* [What the exercise asks]
Your reply should reproduce all the data below exactly while excluding the pictures.

*** Source material Section Begins ***

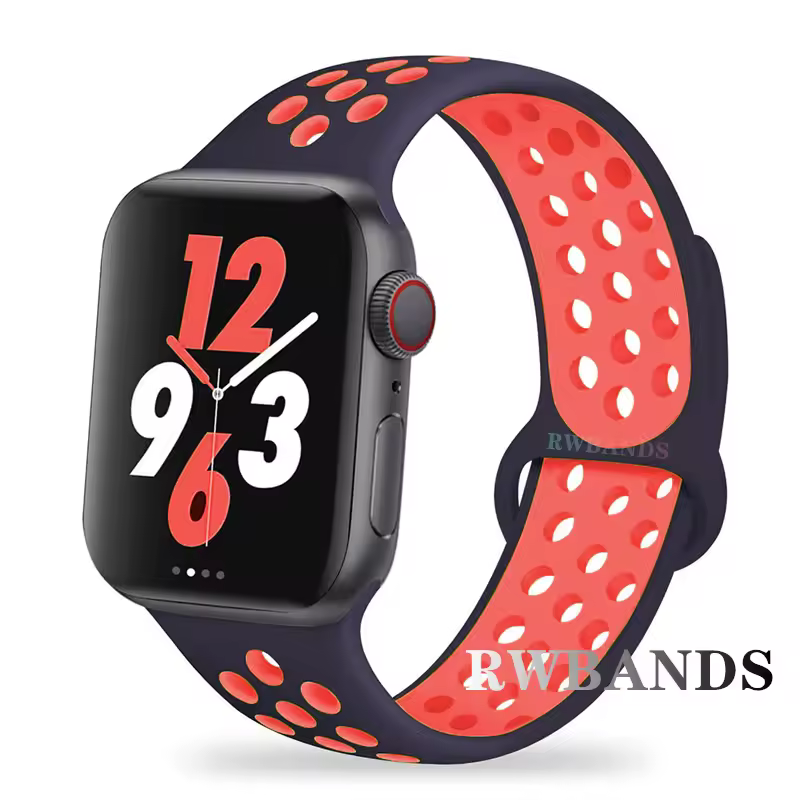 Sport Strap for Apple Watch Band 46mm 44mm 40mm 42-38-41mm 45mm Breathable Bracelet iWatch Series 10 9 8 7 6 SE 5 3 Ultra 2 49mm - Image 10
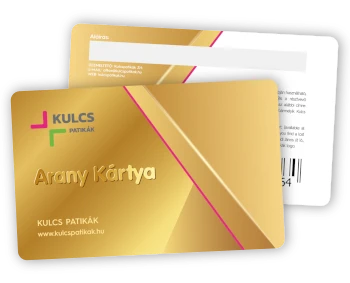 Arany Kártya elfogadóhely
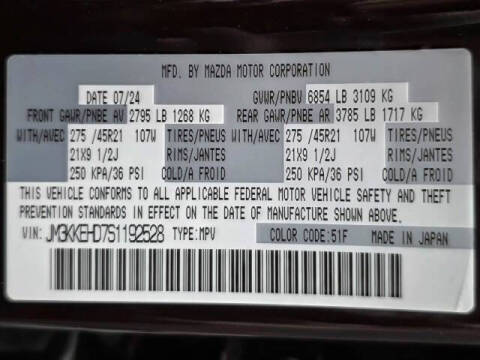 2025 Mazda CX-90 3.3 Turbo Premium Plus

*** Source material Section Ends ***

* [Result of the exercise]
 Sport Strap for Apple Watch Band 46mm 44mm 40mm 42-38-41mm 45mm Breathable Bracelet iWatch Series 10 9 8 7 6 SE 5 3 Ultra 2 49mm - Image 10
 Arany Kártya elfogadóhely
 2025 Mazda CX-90 3.3 Turbo Premium Plus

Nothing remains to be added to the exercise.